A perfect example of that came about halfway through the set, when Owens performed “Love Is In The Ear Of The Listener”.  The lyrics are a series of questions posed from songwriter to himself regarding the necessity and worth of his work, but it sounds like something an aspiring fifteen-year-old poet might write.  He wonders if everyone’s tired of hearing love songs, if he’s just a bad songwriter in general.  It came across like a questionnaire Owens might send to blogs with promo copies of Lysandre, and even had the audience chuckling at certain lines.  It’s entirely possible that Owens is going for a tongue-in-cheek exploration of his insecurities.  It could be that he’s not actually worried about his abilities at all; someone with Owens’ degree of critical acclaim must feel that he can’t totally fail.  The conclusion he comes to in the song is that it doesn’t matter anyway since he’s doomed to write what he feels regardless of what people want or expect.  In this way, it acts as a sort of disclaimer for the entirety of the new material, a challenge even.

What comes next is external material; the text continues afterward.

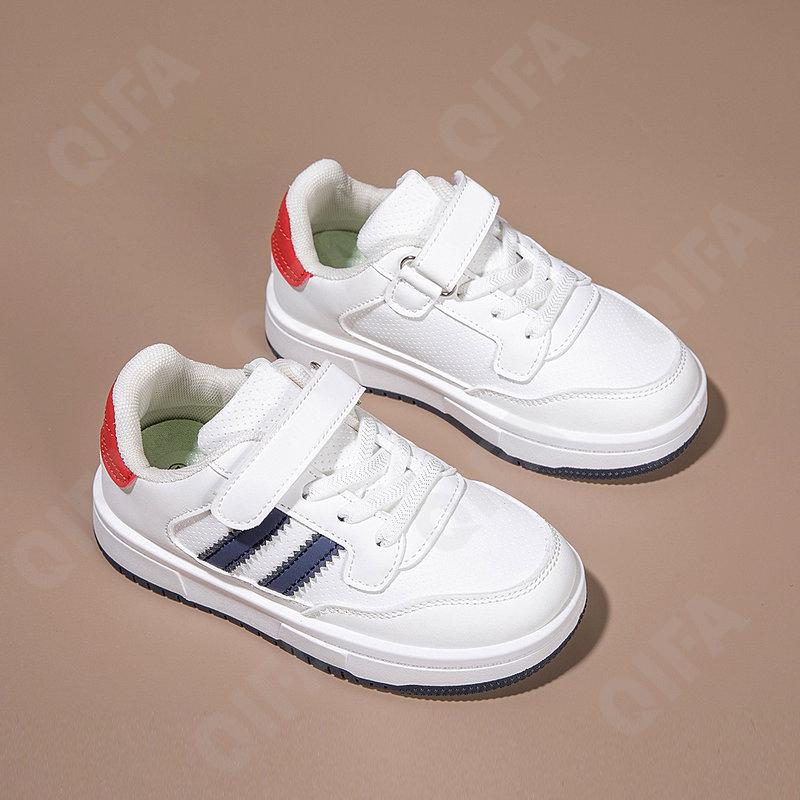 Детские Кроссовки CC4532_577-A1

Owens closed out the set with an encore of iconic covers from Bob Dylan, Simon & Garfunkel, Cat Stevens, The Everly Brothers, and Donovan. By this point I was almost embittered enough to yell out “Cover a Girls song!” knowing that it would be completely inappropriate and even unfair to do so.  But the whole thing felt like Owens had left Girls to become a glorified wedding singer – and the tables LPR had set up around the stage did nothing to diffuse that impression.  Owens picked celebrated songs that definitely seemed autobiographical, communicating his fears of striking out on his own (“Wild World”), holding specific relevance to his break from JR White and Girls (“Don’t Think Twice It’s Alright”), and fleeing from the only family he knew when he was still a teenager (“The Boxer”) but also belie his fascination with classic love songs (“Let It Be Me”) and folksy caricature (“Lalena”).  If these celebrated songwriting heights act as reference point for Owens’ aspirations, his goals certainly cannot be loftier.  One can almost parse the moments when Lysandre makes good on these objectives but the record I’ll be more excited to hear will chronicle this current solo voyage, rather than act as a sentimental look back at the artist’s time with a band I’ll miss for a while still to come.